GIVEN MATERIAL:
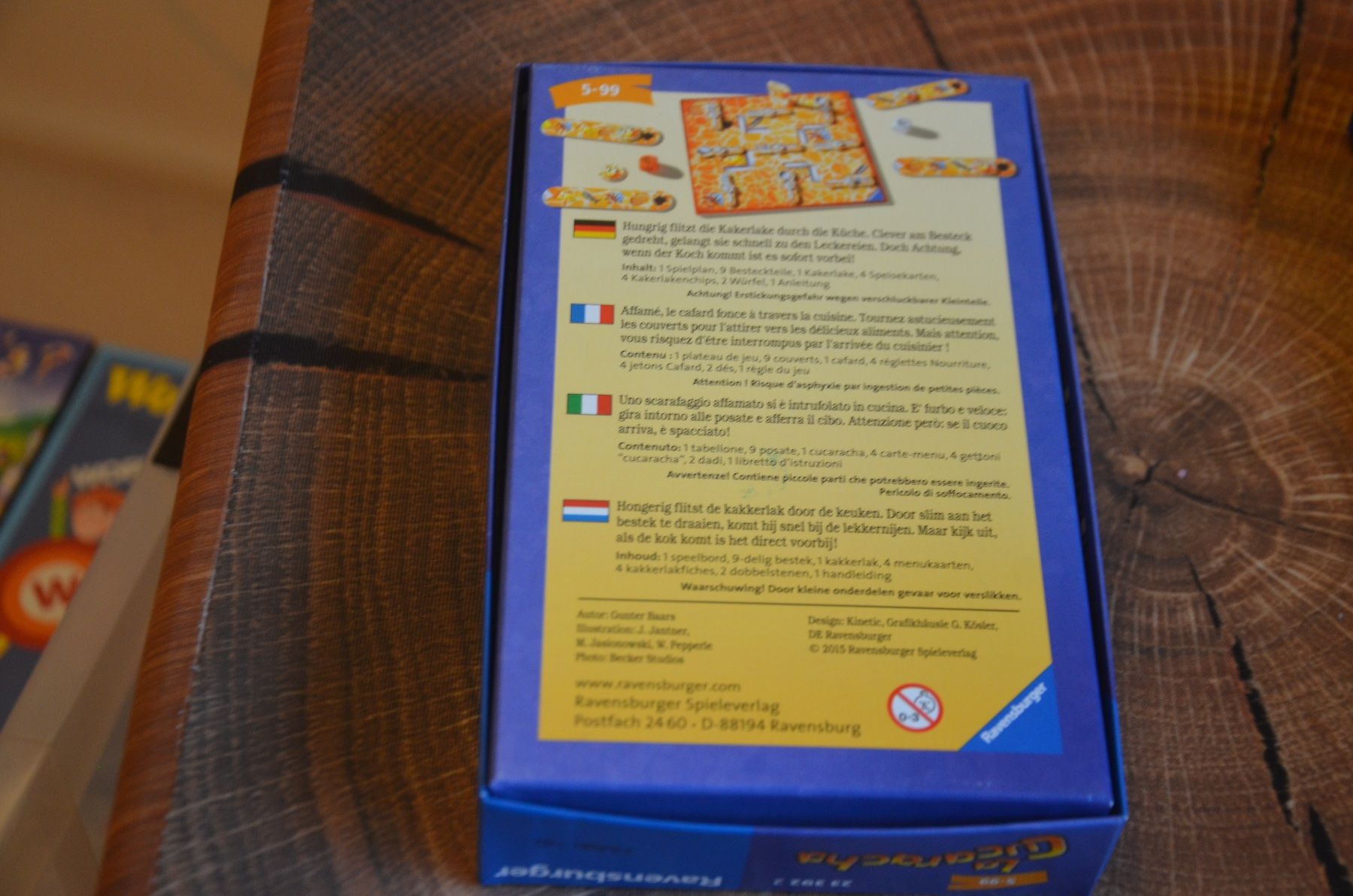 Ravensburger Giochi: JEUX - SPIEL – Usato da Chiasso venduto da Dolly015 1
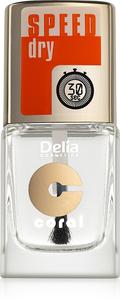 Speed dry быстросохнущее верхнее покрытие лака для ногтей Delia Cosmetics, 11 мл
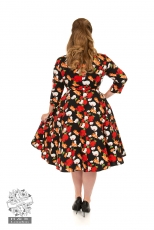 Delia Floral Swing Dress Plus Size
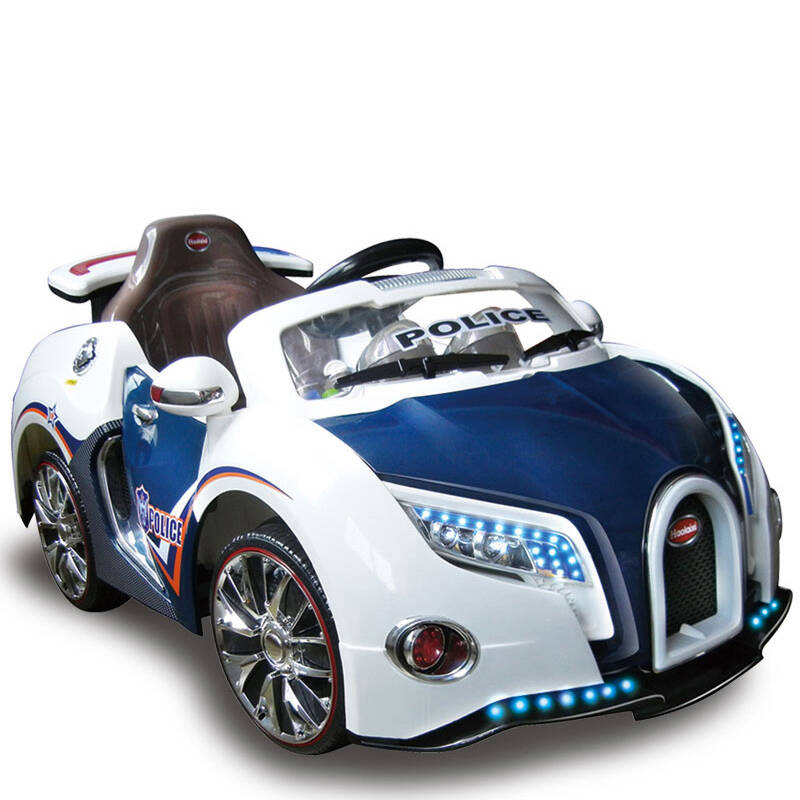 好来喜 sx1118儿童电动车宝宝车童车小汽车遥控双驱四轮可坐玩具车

YOUR ASSIGNMENT: Write out again, word for word, only the lines from the one with "Delia Floral Swing Dress Plus Size" through the last line of the material, and omit each picture.

SOLUTION FOR THIS PROBLEM:
 Delia Floral Swing Dress Plus Size
 好来喜 sx1118儿童电动车宝宝车童车小汽车遥控双驱四轮可坐玩具车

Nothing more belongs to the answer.